Jonathan is a partner in Blandy & Blandy LLP, solicitors in Reading. He joined the firm as a trainee solicitor in 1991 and qualified as a solicitor in October 1993. Since qualification he has worked in the firm’s Probate, Tax & Trust Department specialising in all aspects of estate and trust administration, lifetime estate planning and Court of Protection work. He was first appointed as Under Sheriff for Berkshire in August 2002.
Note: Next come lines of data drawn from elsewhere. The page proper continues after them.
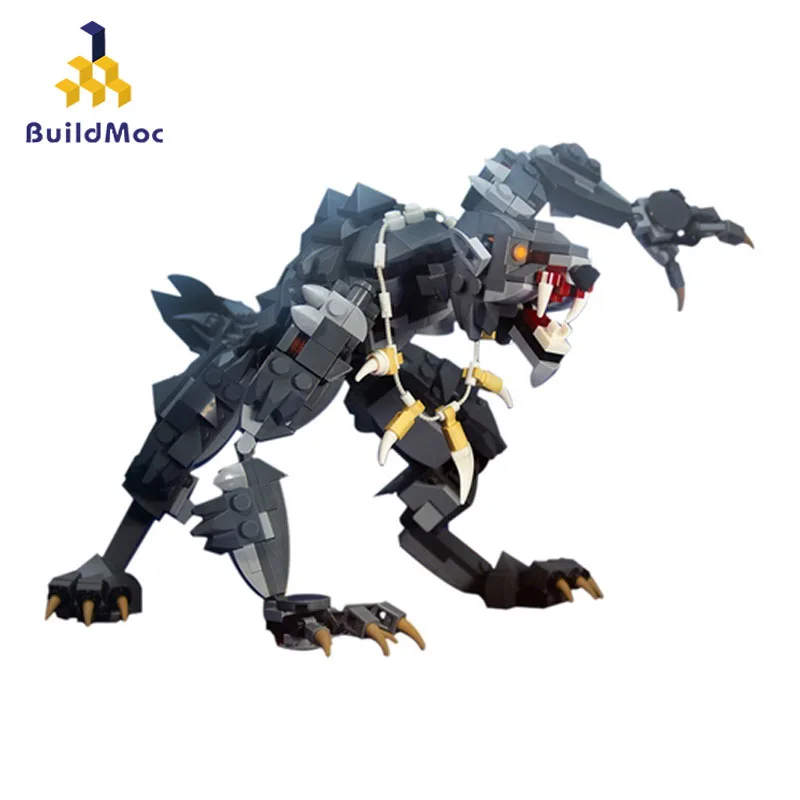 

BuildMOC Idea MOC-30412 Werewolf Ancient European legend Fairy Tale Orc Vampire Underworld Wolfman Creative Building Blocks Toys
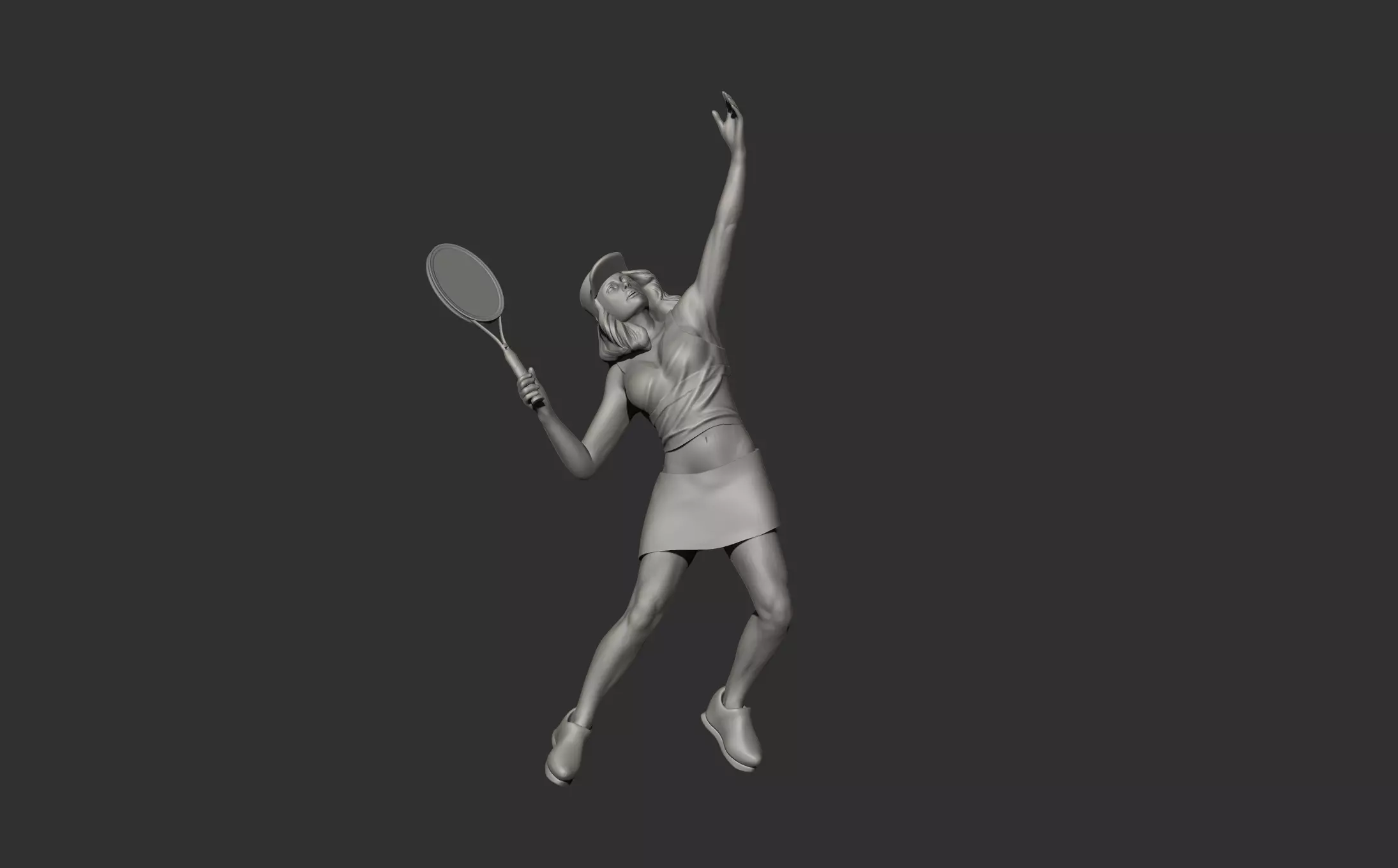 Tennis Player Pose 3d Printing 3D print model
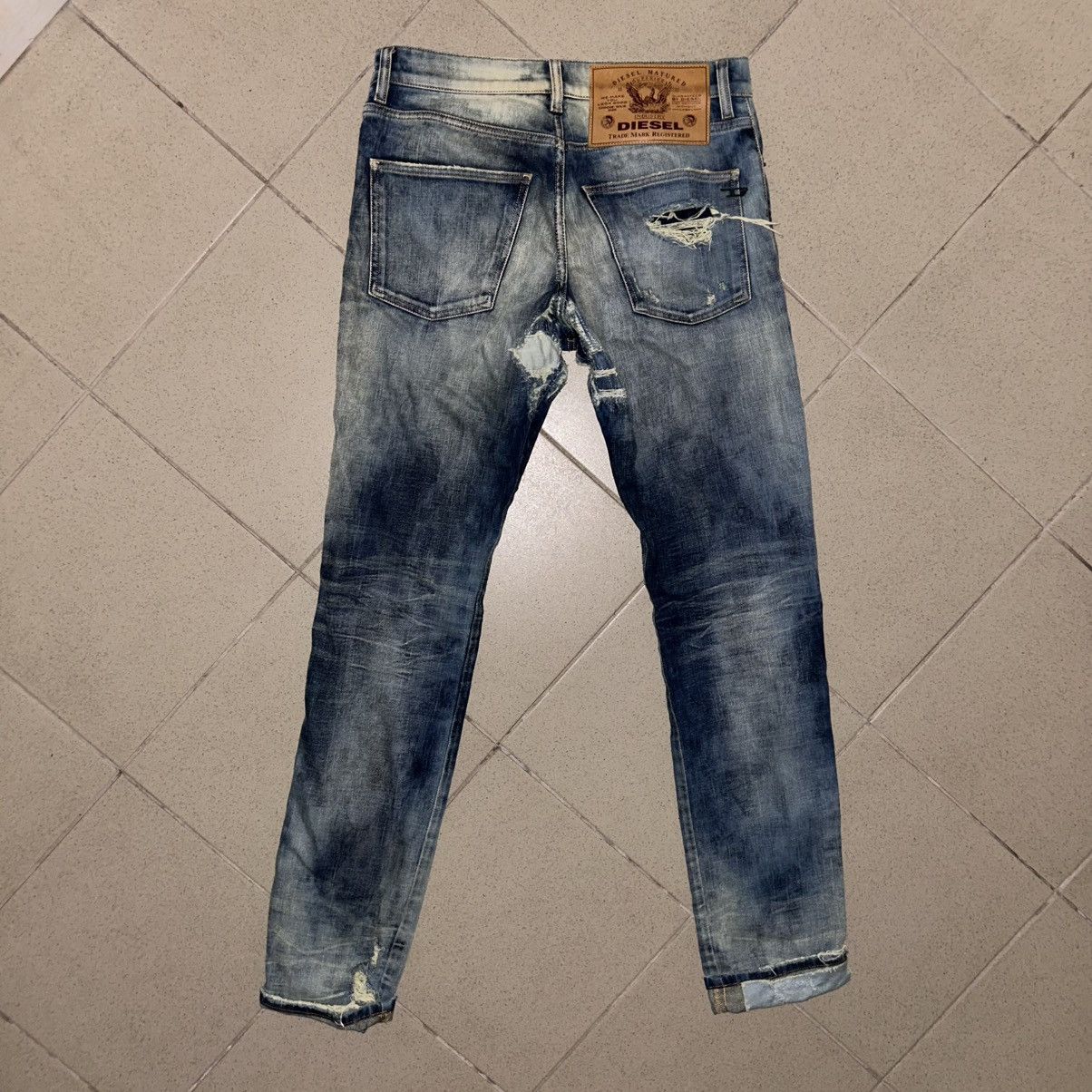 Diesel Vintage Diesel D-Kras Slim Distressed Jeans – Made in Italy Size US 31 - 21 Thumbnail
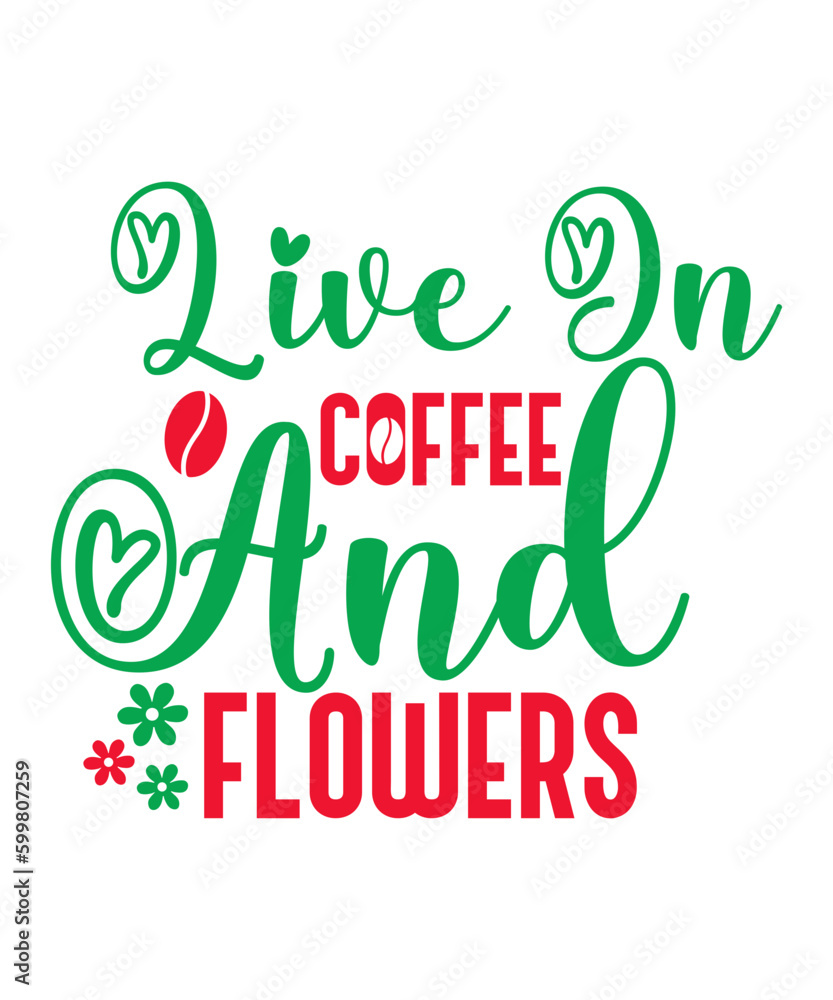 Fototapeta premium Flowers isolated typography design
The firm of Blandy & Blandy has been associated with the office of Under Sheriff since 1837 when John Jackson Blandy was appointed as Under Sheriff.
The role of Under Sheriff
In medieval times Sheriffs were important men and often had other business of the King to attend to in addition to the multiple duties of the medieval Sheriff. It therefore became the custom to appoint an Under Sheriff to ensure that the business of the shire could continue even when the Sheriff was occupied on other affairs. The term Under Sheriff is first recorded in the 12th century.
It is a requirement of the Sheriffs’ Act 1887 that a High Sheriff must appoint an Under Sheriff within one month taking office. The Under Sheriff is often a solicitor and is appointed annually by successive High Sheriffs and is responsible for the legal functions of the office, leaving the High Sheriff to perform ceremonial functions of the office.
Until 2004, all High Court writs were addressed to the High Sheriff and the Under Sheriff was responsible for the execution of those writs via his Sheriff’s officers and bailiffs. Following the changes introduced in 2004, those writs are no longer addressed to the High Sheriff, but Jonathan Gater still deals with the enforcement of High Court writs in his capacity as an authorised High Court Enforcement Officer.
The role of Under Sheriff is therefore now largely ceremonial, with the main responsibilities being organising the swearing-in of the High Sheriff each year, liaising with the Courts regarding the visits of High Court Judges throughout the year and the annual ceremonial church service to celebrate the opening of the Crown Court, which usually takes place each October.